With Stillness in Concert, I return to the source of my childhood in the Bijlmer. As a child, I spent hours in my room listening to the music of Scarlatti, Mozart, Baden Powell, and Bach. I found it enchanting and alienating, this music from another universe. It would rise from the subtle grooves of a spinning record like steam escaping from the cracks of a volcano. It was a world into which I suddenly tumbled, with the album cover image serving as a postcard from a distant land. The image and the music together formed exciting, melancholic, or romantic stories, depending on how I felt.
When I looked out the window and saw the treetops silhouetted against the gray concrete apartment buildings, or when it was dark and the car lights on the ring road moved, these two worlds came together and amplified each other in their strangeness. Sometimes, my chest felt too small for the overwhelming emotions that engulfed me.

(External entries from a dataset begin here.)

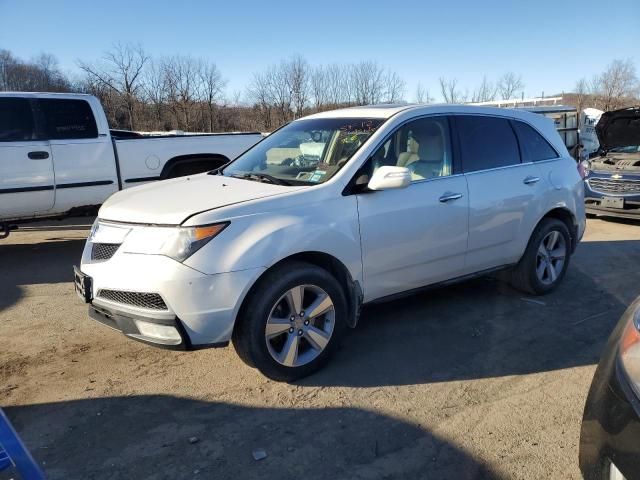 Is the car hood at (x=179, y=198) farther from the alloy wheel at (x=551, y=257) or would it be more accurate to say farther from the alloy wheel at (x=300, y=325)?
the alloy wheel at (x=551, y=257)

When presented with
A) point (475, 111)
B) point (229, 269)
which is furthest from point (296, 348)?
point (475, 111)

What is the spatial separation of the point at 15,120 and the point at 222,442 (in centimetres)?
557

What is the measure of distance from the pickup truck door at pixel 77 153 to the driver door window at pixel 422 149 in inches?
179

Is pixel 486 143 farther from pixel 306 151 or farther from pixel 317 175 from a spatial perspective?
pixel 317 175

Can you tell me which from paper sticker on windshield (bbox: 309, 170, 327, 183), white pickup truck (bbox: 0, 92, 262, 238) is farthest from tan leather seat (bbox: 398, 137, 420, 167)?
white pickup truck (bbox: 0, 92, 262, 238)

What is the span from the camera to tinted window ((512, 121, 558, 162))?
16.0ft

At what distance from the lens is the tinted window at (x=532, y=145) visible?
192 inches

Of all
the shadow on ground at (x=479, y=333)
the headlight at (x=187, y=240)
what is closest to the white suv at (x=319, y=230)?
the headlight at (x=187, y=240)

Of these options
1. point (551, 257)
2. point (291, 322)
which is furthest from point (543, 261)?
point (291, 322)

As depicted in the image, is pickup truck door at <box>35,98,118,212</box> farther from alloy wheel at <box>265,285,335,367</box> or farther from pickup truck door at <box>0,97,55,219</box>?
alloy wheel at <box>265,285,335,367</box>

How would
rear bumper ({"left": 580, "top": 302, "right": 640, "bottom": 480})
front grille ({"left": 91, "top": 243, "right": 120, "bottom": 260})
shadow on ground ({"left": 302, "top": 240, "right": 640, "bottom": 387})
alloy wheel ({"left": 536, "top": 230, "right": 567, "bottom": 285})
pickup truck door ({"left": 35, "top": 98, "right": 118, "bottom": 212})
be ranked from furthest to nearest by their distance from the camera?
pickup truck door ({"left": 35, "top": 98, "right": 118, "bottom": 212}) → alloy wheel ({"left": 536, "top": 230, "right": 567, "bottom": 285}) → shadow on ground ({"left": 302, "top": 240, "right": 640, "bottom": 387}) → front grille ({"left": 91, "top": 243, "right": 120, "bottom": 260}) → rear bumper ({"left": 580, "top": 302, "right": 640, "bottom": 480})

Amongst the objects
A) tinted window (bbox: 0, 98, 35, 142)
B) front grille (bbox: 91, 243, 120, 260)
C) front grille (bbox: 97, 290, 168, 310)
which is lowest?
front grille (bbox: 97, 290, 168, 310)

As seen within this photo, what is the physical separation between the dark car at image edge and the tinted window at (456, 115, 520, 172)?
532cm

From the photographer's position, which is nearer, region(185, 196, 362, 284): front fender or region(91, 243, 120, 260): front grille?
region(185, 196, 362, 284): front fender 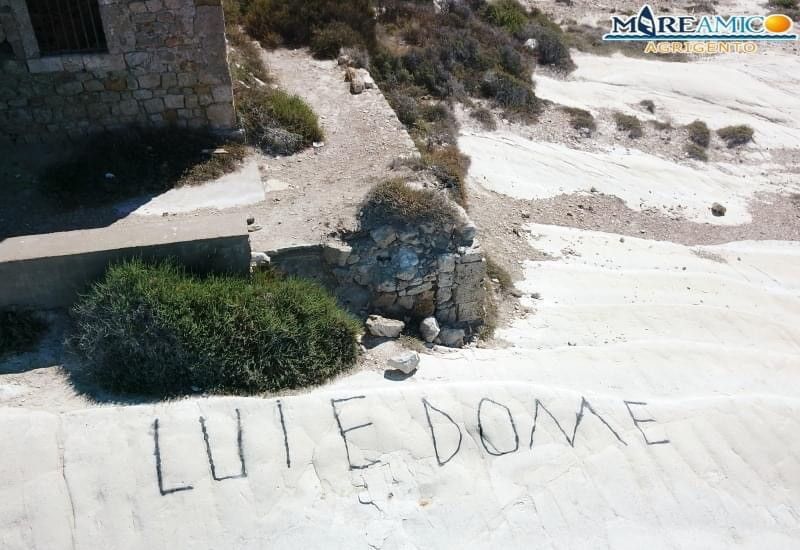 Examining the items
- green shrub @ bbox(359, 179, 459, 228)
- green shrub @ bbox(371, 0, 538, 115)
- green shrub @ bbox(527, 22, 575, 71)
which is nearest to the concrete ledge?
green shrub @ bbox(359, 179, 459, 228)

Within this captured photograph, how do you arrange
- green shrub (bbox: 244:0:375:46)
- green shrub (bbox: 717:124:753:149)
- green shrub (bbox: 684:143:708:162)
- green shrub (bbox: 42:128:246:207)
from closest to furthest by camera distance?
green shrub (bbox: 42:128:246:207), green shrub (bbox: 244:0:375:46), green shrub (bbox: 684:143:708:162), green shrub (bbox: 717:124:753:149)

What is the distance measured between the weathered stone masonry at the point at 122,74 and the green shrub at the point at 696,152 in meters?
9.74

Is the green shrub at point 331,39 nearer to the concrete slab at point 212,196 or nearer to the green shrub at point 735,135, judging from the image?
the concrete slab at point 212,196

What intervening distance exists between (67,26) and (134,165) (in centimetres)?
182

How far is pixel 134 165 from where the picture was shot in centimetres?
Answer: 823

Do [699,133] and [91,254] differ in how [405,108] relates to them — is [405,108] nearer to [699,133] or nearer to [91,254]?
[699,133]

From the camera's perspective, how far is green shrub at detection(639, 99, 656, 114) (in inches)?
589

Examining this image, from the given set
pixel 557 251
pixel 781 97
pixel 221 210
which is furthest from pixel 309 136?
pixel 781 97

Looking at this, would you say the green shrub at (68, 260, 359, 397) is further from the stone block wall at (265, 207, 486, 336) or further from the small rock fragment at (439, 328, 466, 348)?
the small rock fragment at (439, 328, 466, 348)

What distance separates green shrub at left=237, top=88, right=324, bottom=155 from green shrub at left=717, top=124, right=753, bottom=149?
31.9 feet

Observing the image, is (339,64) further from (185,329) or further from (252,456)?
(252,456)

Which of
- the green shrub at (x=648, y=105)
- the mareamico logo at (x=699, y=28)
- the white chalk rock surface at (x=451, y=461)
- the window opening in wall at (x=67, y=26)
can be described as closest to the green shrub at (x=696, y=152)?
the green shrub at (x=648, y=105)

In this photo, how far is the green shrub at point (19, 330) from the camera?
6.06 meters

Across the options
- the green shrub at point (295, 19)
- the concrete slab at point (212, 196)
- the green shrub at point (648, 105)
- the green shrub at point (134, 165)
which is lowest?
the green shrub at point (648, 105) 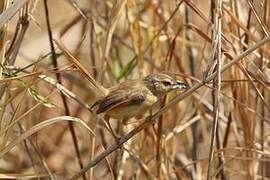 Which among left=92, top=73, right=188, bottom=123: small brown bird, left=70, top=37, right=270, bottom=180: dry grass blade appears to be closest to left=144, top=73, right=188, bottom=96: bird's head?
left=92, top=73, right=188, bottom=123: small brown bird

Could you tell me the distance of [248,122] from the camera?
81.3 inches

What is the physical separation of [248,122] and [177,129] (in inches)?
15.3

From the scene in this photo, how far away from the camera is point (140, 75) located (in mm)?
2365

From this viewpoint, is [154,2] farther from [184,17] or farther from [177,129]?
[177,129]

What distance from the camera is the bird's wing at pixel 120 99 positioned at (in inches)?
70.1

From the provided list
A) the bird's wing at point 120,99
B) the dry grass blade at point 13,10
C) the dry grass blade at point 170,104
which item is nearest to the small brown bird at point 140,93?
the bird's wing at point 120,99

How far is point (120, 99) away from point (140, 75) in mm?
585

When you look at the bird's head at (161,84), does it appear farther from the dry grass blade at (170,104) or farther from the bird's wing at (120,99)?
the dry grass blade at (170,104)

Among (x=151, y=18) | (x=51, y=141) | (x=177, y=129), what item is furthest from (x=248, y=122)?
(x=51, y=141)

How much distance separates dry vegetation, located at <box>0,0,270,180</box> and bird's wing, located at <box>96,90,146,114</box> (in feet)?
0.23

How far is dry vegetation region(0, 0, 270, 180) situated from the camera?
1.69 metres

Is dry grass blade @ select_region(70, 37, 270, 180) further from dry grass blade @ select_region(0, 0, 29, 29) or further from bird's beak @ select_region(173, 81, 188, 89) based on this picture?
dry grass blade @ select_region(0, 0, 29, 29)

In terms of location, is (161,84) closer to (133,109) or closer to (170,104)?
(133,109)

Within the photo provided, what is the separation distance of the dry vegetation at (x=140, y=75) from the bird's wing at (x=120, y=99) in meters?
0.07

Even when I rode my bike to school or music lessons during the day, fragments of the music echoed in my head, transforming the image of the apartment buildings, with their balconies and galleries, into Don Quixote’s windmills. The symmetrical infrastructure, designed not to get lost, turned into an exciting route, with the straight canals and concrete bridges becoming adventurous mordents.
My bike tires hummed melodiously on the asphalt, accompanied by the subtle taps of the gravel on the path, like hair on a bald head. The snippets of kaseko music from the speakers of an apartment, the drone of low-flying air traffic, the singing lessons of Surinamese birds, the Twa Twa’s, and my inner record player all came together in a rich contrapuntal journey.